Le “difficoltà” finanziarie del gruppo cinese Evergrande non hanno finora avuto un effetto visivo particolarmente significativo sui listini. Lunedì i principali indici azionari globali hanno reagito male, ma sostanzialmente non è successo niente rispetto alla progressione degli ultimi diciotto mesi. Eppure ci sarebbe da preoccuparsi perché le decisioni che verranno prese in Cina possono segnalare un cambio di atteggiamento del Governo di Pechino che in un mondo complicato, anche geopoliticamente, decide di sacrificare la “finanza” per salvare cose evidentemente più importanti. Gli investitori non hanno mostrato particolare preoccupazione non per una mancanza di attenzione o di comprensione, ma perché non ci sono alternative ai mercati. Fino a che i mercati rimangono quelli degli ultimi mesi, soprattutto in una fase di inflazione alta e sottostimata dai dati ufficiali, non c’è un’alternativa ai mercati. Nell’ultimo anno e mezzo sono stati il posto più facile dove tenere i soldi e controbilanciare gli effetti dell’inflazione che mangia i risparmi. 

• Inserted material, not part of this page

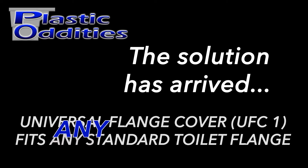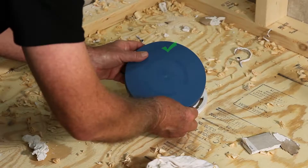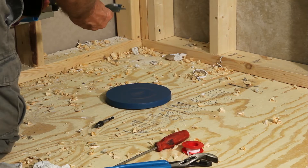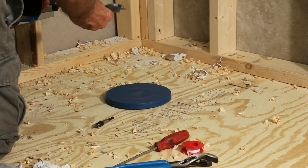How, you ask? The Plastic Ideas UFC 1 Universal Flange Cover. The UFC 1 is designed to universally fit over any standard toilet flange. Simply snap it over the top of your open flange and your job can now remain clean, your plumbing flow unhindered, and the workplace safe.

Tutto questo vale fino a che la Fed decide di tenere in piedi il gioco continuando a immettere liquidità nei mercati spiegando che l’inflazione è “transitoria”. L’inflazione non è solo il prodotto della liquidità delle banche centrali; c’è anche la transizione ecologica dell’Europa che costringe a rimpiazzare fonti energetiche a basso costo con altre costose e inaffidabili a tempo record e poi ci sono i problemi nelle catene di fornitura globali. Certamente, però, le politiche delle banche centrali non sono un dettaglio secondario in questo scenario. 

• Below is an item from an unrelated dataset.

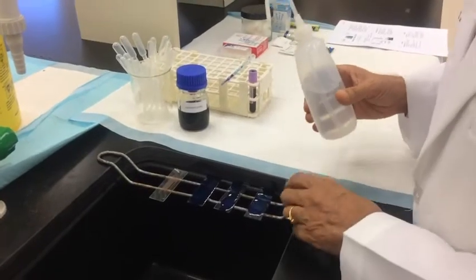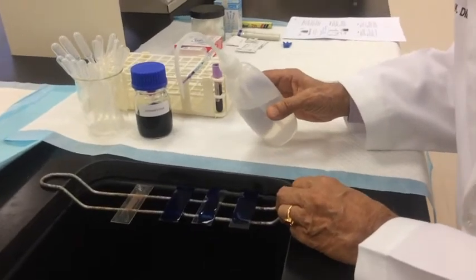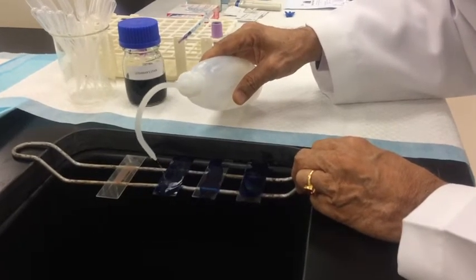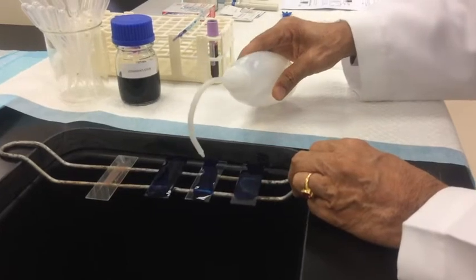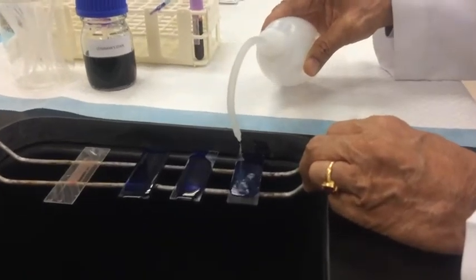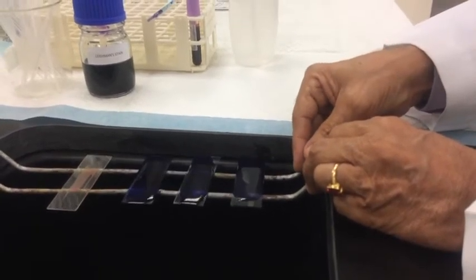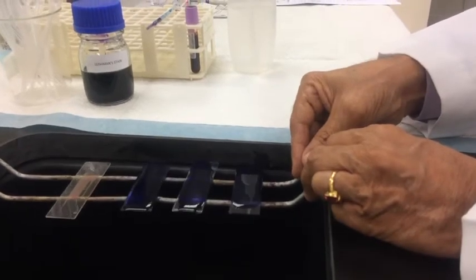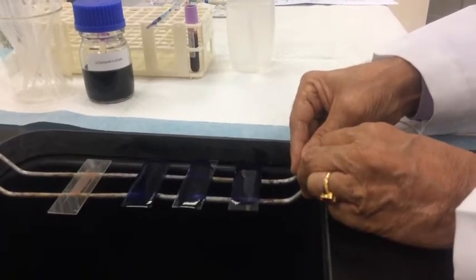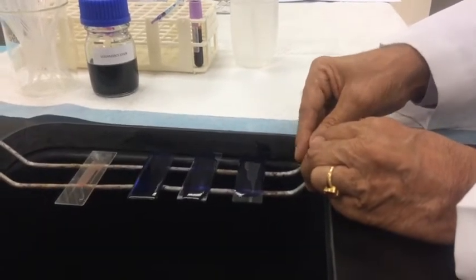After two to three minutes the fixation is complete. Without spilling the stain, add double the quantity of distilled water using a squirt bottle, taking care not to spill the fluid. Keep rocking and wait for eight to ten minutes, or a little more — this will be determined by trial and error based on the quality of your stain.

I problemi geopolitici ed economici che stanno covando da mesi sono depotenziati da liquidità ampia e abbondante sui mercati, ma nessuno può far finta che non ci siano. Qualsiasi elemento che faccia intravedere politiche monetarie meno accomodanti diventa di importanza capitale perché farebbe rientrare improvvisamente dalla finestra tutti i problemi che sono rimasti ai margini. L’autunno del 2008, con il fallimento di Lehman, ha avuto una lunga gestazione; il fallimento di Northern Rock è arrivato un anno e mezzo prima. Citiamo Lehman perché qualsiasi rialzo dei tassi nel 2021, dopo quasi due anni di debiti in espansione, avrebbe effetti difficile da calcolare.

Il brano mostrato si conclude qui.